*** Dataset records

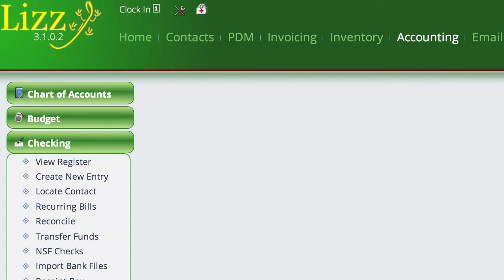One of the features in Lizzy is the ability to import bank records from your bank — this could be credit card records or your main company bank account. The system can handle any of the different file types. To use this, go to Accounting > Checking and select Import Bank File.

******
*** Dataset records

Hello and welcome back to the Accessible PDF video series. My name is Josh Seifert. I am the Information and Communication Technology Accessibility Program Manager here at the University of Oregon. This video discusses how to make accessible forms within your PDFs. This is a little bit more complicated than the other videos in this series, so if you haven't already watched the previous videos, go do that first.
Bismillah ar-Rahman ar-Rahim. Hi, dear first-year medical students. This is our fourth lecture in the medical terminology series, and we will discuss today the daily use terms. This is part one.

******
*** Dataset records

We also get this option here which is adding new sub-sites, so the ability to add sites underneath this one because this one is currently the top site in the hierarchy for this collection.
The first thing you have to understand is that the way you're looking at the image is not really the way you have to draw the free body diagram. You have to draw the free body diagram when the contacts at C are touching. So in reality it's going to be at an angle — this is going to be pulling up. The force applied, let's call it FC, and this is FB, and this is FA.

******

*Assignment:*
Work through the data line by line and state how many lines have the string "series"; add nothing else.

*Response box:*
2